Tilling that land is said to have unlocked enough carbon dioxide that it would take two decades for the planted field to absorb it. The enormous water needs to grow corn are blamed for lowering water tables. Excessive use of nitrogen fertilizers to maximize yields sucks oxygen from the soil and water, leading to dead zones in waterways, including an enormous zone in the Gulf of Mexico. In 2021, the National Oceanic and Atmospheric Administration measured the Gulf’s dead zone at roughly 6,334 square miles, larger than the average dead zone for the previous five years of 5,380 square miles. That’s an area larger than the state of Connecticut, hovering mostly off the coast of America’s second-largest seafood producing state, Louisiana.

And even before all of that, the founding presumptions of the RFS have been questioned since the beginning.
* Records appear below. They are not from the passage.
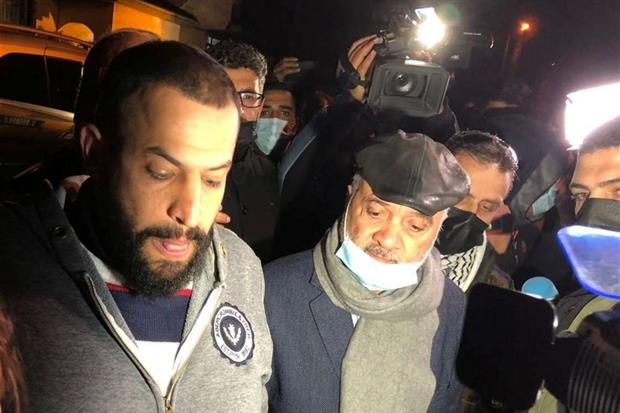 Al centro, con il cappello,Nasser al-Kidwa, nipote di Yasser Arafat e primo nella lista di Marwan Barghouti alle elezioni palestinesi di maggio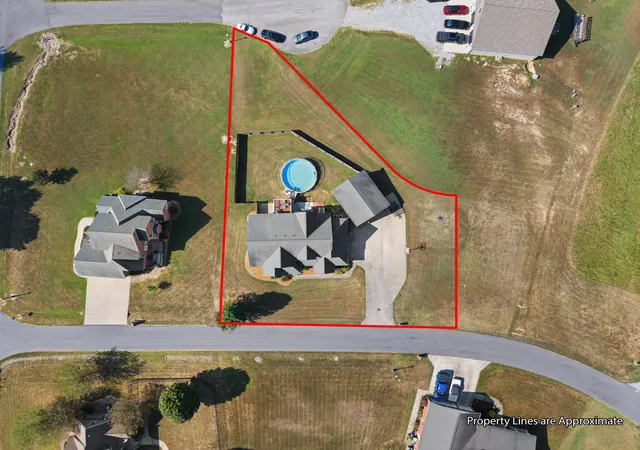 Photo 42 of Single family home for sale at 103 Summer Ln, Kuttawa, KY 42055 | MLS# 26025100 | Listing updated on 2026-09-11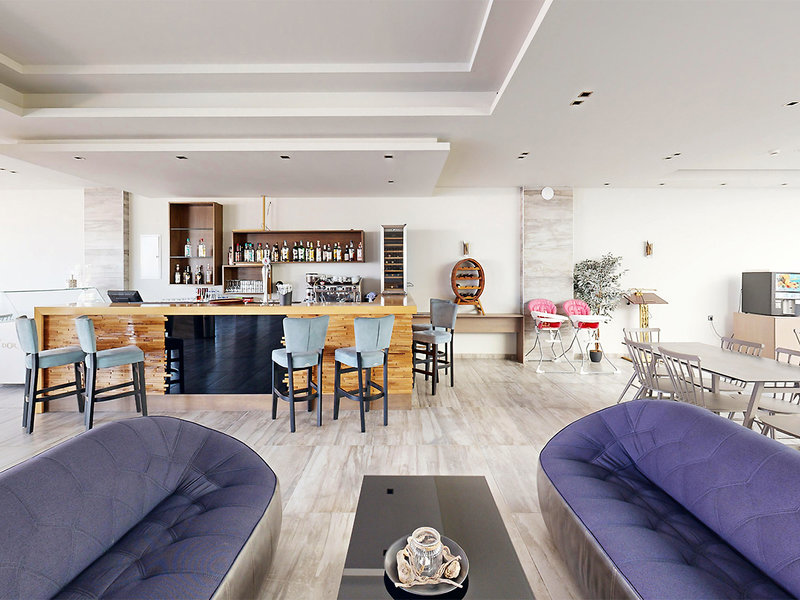 The Dome Luxury Hotel 11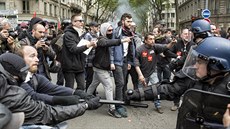 Střet policie s demonstranty v Lyonu (28. dubna 2016) Střet policie s demonstranty v Lyonu (28. dubna 2016)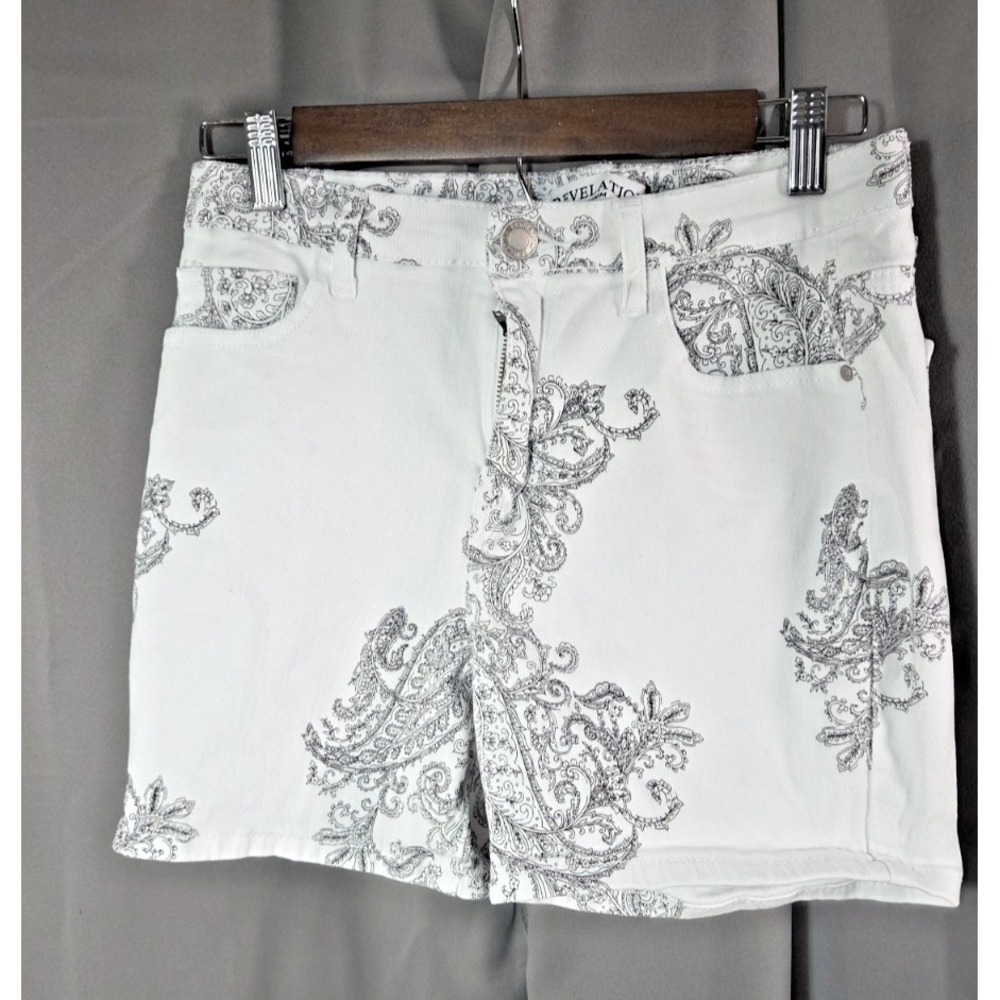 Revelation Denim White Demin Shorts Grey Black Paisley Floral Design Size 8
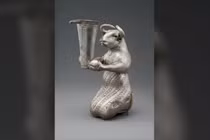 Tò mò ý nghĩa bức tượng bằng bạc tạc sinh vật lai 5.000 tuổi
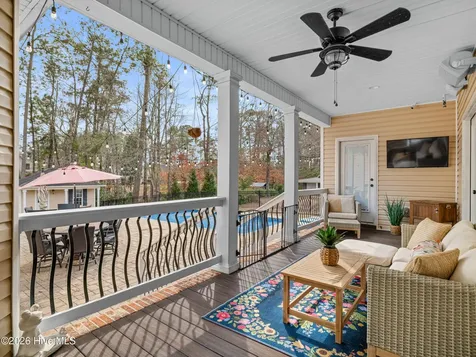 201 Saint Charles Lane Jacksonville NC 28546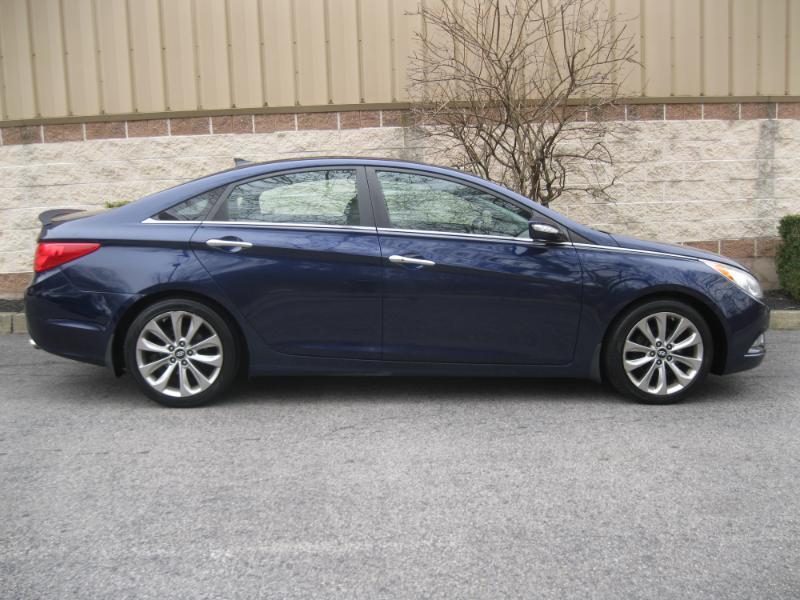 Hyundai Sonata Limited Auto 2012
Many suspect corn-based ethanol can’t be made to work with the Renewable Fuels Standard without some creative numbers.

The RFS stipulates that “Renewable fuel (or conventional biofuel) typically refers to ethanol derived from corn starch and must meet a 20% lifecycle GHG [greenhouse gas] reduction,” meaning corn ethanol would be 20% less polluting than gasoline. But when the Obama administration tried to work out the math for implementing the RFS way back in 2009, it found that corn ethanol would only be 16% less polluting than gasoline by 2022, based on a maximum yield of 180 bushels of corn per acre.

All the stakeholders complained, saying the government’s figures were too conservative. So the EPA came up with a “high yield case scenario” that achieved a 21% reduction by assuming a yield of 230 bushels per acre. (Getting more bushels off an acre means it took fewer resources to grow each bushel, so it’s environmentally cleaner.)

The problem is that corn growers have never hit that yield number. The yield in 2014 was about 173 bushels per acre. Last year’s yield was 177 bushels per acre, right around the original, and insufficient, government estimate.

Corn might not come up in tonight’s presidential debate. But for all the reasons we’ve touched on here, and so many more (food prices, high-fructose corn syrup, the list goes on), corn will continue to be a big topic from now until November and beyond.